By Jenny McCoy — Pastry & Baking Arts Chef-Instructor

A small slice of my career as a pastry chef has been dedicated to introducing bakers to the flavor combination of pumpkin and chocolate. Some of you may have already tasted the duo — if you are one of those people, congratulations and please consider adding some chocolate chips to your Thanksgiving pumpkin pie. However, if you have not had the experience of chocolate and pumpkin combined, stop your holiday baking plans now and redirect your attention to this post immediately. Your Thanksgiving is about to get so much better.

pumpkin bars

Roasted pumpkin, whether made from scratch or canned, has a slightly sweet and very earthy flavor. If you mix this quintessential fall flavor with chocolate, which can either emphasize or contrast the flavor of pumpkin, something magical happens. When I’m interested in a strong contrast of flavor, I pair pumpkin with dark chocolate, which has an intense flavor and a bitter quality that juxtaposes nicely with the sweet, mellow flavor of pumpkin. When I prefer to accentuate the sweetness of pumpkin and make it the star in my baking, I combine it with milk chocolate because together they both highlight their sweetness and milder flavors. (Pro tip: Play around in the kitchen with both combinations to see which you like best.)

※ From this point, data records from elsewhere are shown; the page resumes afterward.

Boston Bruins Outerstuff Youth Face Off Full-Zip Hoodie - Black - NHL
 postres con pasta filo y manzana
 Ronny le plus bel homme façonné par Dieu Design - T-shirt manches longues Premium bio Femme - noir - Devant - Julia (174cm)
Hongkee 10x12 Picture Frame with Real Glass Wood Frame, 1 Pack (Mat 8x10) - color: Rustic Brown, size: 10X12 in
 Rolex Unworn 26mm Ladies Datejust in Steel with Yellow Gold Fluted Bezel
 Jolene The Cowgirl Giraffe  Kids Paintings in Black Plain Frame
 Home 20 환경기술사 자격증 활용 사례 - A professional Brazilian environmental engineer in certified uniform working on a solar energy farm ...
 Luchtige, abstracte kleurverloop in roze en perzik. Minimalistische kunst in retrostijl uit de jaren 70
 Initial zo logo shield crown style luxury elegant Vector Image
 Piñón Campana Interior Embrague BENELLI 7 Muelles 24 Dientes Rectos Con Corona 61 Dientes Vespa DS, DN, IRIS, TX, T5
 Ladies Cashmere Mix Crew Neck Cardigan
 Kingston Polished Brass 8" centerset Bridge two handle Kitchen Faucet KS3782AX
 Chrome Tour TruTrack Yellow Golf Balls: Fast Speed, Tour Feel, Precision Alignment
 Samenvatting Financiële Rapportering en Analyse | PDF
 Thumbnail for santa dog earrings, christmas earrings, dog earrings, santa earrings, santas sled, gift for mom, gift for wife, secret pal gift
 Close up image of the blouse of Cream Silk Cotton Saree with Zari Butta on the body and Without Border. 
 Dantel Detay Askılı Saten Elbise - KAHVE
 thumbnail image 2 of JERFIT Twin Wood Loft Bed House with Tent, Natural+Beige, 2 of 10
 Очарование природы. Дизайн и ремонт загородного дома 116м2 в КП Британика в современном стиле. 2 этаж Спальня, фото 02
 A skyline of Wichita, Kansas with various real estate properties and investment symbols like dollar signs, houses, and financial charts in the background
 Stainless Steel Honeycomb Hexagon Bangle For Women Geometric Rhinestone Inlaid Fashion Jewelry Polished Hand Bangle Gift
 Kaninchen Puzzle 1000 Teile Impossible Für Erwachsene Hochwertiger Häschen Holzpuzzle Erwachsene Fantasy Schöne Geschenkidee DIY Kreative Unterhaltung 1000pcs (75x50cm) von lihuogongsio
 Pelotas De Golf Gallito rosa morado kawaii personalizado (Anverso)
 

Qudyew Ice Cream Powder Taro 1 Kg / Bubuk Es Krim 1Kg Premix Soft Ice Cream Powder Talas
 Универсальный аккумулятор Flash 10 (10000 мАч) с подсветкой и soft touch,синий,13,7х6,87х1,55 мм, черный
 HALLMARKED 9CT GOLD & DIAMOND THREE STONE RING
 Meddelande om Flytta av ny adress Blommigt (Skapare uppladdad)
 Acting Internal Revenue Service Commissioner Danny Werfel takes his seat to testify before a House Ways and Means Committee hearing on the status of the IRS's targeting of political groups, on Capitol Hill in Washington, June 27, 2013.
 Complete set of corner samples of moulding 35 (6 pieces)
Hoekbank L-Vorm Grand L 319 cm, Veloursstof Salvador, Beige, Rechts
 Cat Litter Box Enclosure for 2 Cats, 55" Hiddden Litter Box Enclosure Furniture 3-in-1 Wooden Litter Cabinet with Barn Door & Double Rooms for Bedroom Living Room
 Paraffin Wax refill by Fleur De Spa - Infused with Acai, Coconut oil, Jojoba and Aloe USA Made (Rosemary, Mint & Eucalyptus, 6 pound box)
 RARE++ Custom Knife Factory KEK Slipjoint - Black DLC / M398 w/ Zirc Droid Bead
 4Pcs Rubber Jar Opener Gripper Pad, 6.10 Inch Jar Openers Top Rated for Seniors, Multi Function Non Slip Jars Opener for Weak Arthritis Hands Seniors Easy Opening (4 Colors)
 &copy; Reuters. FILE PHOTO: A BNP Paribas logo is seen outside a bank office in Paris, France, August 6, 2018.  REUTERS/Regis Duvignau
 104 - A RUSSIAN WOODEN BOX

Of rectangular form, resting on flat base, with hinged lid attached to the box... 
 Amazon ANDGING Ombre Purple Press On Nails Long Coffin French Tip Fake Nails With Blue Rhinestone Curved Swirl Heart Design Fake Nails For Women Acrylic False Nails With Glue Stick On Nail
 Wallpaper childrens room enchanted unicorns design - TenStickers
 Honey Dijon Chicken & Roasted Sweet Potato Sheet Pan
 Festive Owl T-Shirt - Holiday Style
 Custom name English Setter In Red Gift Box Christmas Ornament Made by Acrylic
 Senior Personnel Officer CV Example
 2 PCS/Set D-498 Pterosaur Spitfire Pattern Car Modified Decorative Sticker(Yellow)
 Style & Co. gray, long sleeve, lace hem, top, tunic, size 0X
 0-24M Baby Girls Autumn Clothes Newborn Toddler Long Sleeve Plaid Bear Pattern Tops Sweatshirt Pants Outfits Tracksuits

In the case of my recipe for Pumpkin Nutella Bars, I’ve taken chocolate and pumpkin one step further in the direction of deliciousness by adding Nutella. While Nutella is made with cocoa powder (which is dark and bitter), it is also mixed with a fair amount of sugar and milk, so it really has a flavor profile closer to milk chocolate. And the addition of roasted hazelnuts cannot be beat.

I can’t wait to hear what you think of these Pumpkin Nutella Bars, and be sure to share any other fun pumpkin and chocolate baking ideas you have this holiday season!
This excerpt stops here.